What is the best way to keep my hedgehog's cage warm? what do you use?


----------



## smhufflepuff (Aug 28, 2008)

Depends on what type of cage you have for your little one.

I'd keep the heat on at night until you get something just for him. One of these nights it might dip below for too long and you could end up with a rather ill (or dead) hedgie.


----------



## zoologist (Sep 2, 2008)

he's in a 'super pet' wire cage.

lights don't seem to bother him too much. he will be up and about running on his wheel when i'm lying in bed at night with the lamp on, so i'm thinking maybe a ceramic heat emitter attached to the top of his cage? i have extra lamps lying around from my turtles. what do you think?


----------



## Gnarly (Aug 29, 2008)

A ceramic heat emitter is fine, since you have a wire cage. 
Just make sure you have an extra thermostat lying round as well, so you baby doesn't get too hot.


----------



## smhufflepuff (Aug 28, 2008)

With a wire-top cage, the ceramic heat emitter would be perfect 
Just make sure to plug it into a thermostat controller to keep the temp nice and even.

Hee hee... looks like Gnarly hit "submit" first


----------



## lilhoglet (Aug 28, 2008)

zoologist said:


> he's in a 'super pet' wire cage.
> 
> lights don't seem to bother him too much. he will be up and about running on his wheel when i'm lying in bed at night with the lamp on, so i'm thinking maybe a ceramic heat emitter attached to the top of his cage? i have extra lamps lying around from my turtles. what do you think?


haha i was just about to type this::
ceramic heat emitters should work fine, just make sure you use a thermostat with it. i wouldn't use a heater that also emits light, however.

and when i went to submit it I noticed Gnarly beat me to it. lol


----------



## lilhoglet (Aug 28, 2008)

... and i keep getting beat. lol


----------



## rtc (Sep 5, 2008)

I wish I could use a heat emitter but I have one of those plastic cages.. sigh..

I just bought him an oil filled heater and it heats the whole room to a cozy 75 degrees F. 

R.


----------



## zoologist (Sep 2, 2008)

where do you get a thermostat controller?


----------



## smhufflepuff (Aug 28, 2008)

Usually find thermostat controllers in the reptile section of a pet supply store.

There are also ones called "rheostat" controllers -- avoid those.

You'll want to look for a thermostat with a dial (or other device) where you can set the temperature and a probe that runs from the controller into the cage itself. I chose one with three outlets on it - I keep two heat emitters plugged in.
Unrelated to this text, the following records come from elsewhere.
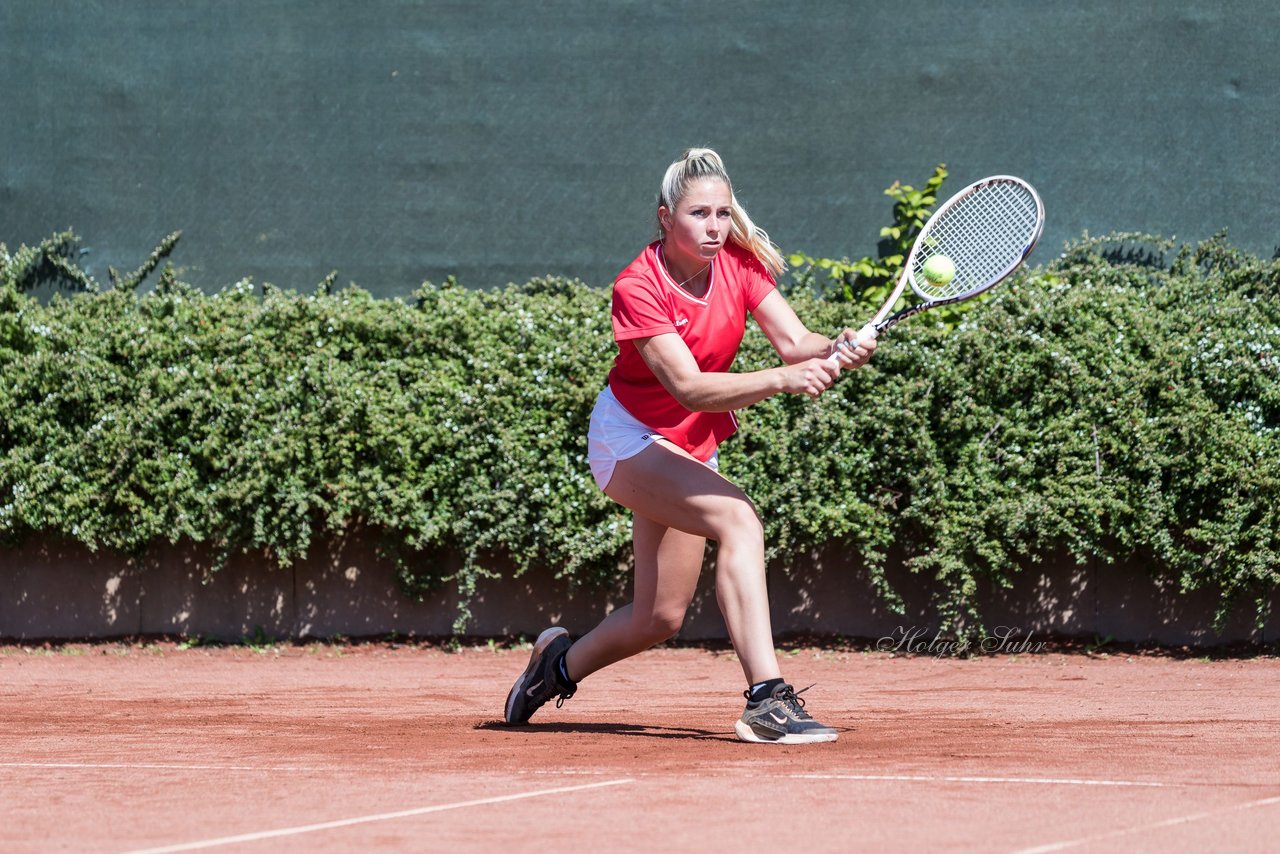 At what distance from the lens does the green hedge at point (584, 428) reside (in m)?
7.54

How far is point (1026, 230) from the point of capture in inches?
211

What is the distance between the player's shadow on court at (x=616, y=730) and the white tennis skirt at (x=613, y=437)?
843 mm

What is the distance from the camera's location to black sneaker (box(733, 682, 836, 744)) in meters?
4.50

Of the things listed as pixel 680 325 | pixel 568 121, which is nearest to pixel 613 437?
pixel 680 325

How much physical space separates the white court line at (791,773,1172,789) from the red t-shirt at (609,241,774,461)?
1.29m

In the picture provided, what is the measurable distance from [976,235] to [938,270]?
13.5 inches

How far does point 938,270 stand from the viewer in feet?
17.1

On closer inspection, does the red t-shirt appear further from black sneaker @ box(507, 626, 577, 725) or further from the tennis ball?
black sneaker @ box(507, 626, 577, 725)

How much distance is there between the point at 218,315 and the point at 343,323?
786mm

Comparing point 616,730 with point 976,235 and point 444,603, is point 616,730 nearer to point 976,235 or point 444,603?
point 976,235

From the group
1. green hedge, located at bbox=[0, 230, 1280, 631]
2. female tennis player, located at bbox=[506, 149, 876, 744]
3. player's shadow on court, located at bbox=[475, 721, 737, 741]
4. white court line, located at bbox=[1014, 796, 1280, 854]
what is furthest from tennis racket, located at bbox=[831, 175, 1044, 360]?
green hedge, located at bbox=[0, 230, 1280, 631]

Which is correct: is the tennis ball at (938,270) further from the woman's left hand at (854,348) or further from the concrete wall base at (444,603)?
the concrete wall base at (444,603)

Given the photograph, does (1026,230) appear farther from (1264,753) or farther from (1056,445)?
(1056,445) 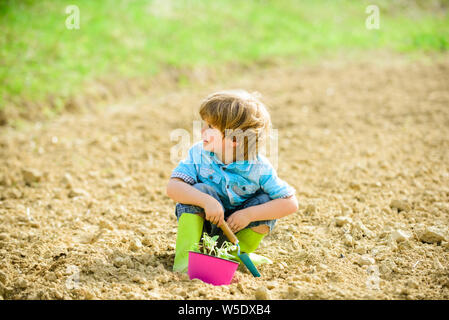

Although, I'm sure it's not too often it happens, I'm glad I have two after one of the lamps died on me... the other kept working to keep hedgie warm


----------



## lilhoglet (Aug 28, 2008)

http://www.reptilesupply.com/product.php?products_id=75

Here's a thermostat you might be interested in


----------



## zoologist (Sep 2, 2008)

thanks for the link, thats perfect


----------



## payge (Aug 30, 2008)

everybody already said everything i was going to say...
but be careful where you place it also. if you have a climber the bars do get warm.


----------